• **What this task involves**
Filter the entries below down to the lines that hold "through".

[Records from a collection]
= = = = = = =

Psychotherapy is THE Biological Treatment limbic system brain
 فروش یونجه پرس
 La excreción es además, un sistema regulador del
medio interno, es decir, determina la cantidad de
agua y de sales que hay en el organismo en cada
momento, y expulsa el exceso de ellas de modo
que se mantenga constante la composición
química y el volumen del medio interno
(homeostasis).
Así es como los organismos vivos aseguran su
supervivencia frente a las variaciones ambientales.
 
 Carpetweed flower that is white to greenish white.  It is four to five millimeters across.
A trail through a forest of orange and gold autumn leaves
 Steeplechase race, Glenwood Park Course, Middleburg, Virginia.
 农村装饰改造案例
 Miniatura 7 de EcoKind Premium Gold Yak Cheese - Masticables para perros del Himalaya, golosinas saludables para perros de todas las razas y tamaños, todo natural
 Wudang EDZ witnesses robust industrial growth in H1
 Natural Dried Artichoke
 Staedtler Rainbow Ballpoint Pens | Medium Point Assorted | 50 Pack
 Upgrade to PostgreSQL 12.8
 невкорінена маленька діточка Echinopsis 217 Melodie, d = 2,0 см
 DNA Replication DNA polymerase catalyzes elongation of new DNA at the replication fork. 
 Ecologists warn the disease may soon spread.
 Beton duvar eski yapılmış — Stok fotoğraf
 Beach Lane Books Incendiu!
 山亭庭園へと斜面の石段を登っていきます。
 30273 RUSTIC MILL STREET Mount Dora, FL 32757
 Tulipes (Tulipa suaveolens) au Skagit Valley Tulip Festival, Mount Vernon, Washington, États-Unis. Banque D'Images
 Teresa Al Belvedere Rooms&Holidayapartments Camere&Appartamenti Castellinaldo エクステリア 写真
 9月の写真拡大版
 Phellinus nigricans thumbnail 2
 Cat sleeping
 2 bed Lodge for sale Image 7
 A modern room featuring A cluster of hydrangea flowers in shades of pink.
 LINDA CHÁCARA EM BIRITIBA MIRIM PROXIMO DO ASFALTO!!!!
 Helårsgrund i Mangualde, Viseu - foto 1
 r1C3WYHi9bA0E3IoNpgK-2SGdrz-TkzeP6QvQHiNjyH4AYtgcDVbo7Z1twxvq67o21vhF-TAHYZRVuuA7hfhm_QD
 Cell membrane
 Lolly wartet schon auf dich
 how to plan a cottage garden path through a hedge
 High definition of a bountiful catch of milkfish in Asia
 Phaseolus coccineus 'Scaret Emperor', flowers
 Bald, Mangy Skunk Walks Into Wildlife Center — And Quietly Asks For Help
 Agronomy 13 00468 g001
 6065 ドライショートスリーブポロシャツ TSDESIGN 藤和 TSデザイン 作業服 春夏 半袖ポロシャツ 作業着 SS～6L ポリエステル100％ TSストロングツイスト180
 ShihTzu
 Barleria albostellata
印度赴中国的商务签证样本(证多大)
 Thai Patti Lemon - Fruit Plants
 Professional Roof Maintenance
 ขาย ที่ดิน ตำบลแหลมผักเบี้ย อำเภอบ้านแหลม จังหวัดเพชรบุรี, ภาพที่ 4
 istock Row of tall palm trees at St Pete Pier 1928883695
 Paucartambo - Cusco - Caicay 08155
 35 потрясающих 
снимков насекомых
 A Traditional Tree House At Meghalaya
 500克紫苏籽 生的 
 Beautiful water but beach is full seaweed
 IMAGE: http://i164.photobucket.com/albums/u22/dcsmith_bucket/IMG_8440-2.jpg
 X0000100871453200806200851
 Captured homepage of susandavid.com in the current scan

= = = = = = =

• **Your solution**
A trail through a forest of orange and gold autumn leaves
 how to plan a cottage garden path through a hedge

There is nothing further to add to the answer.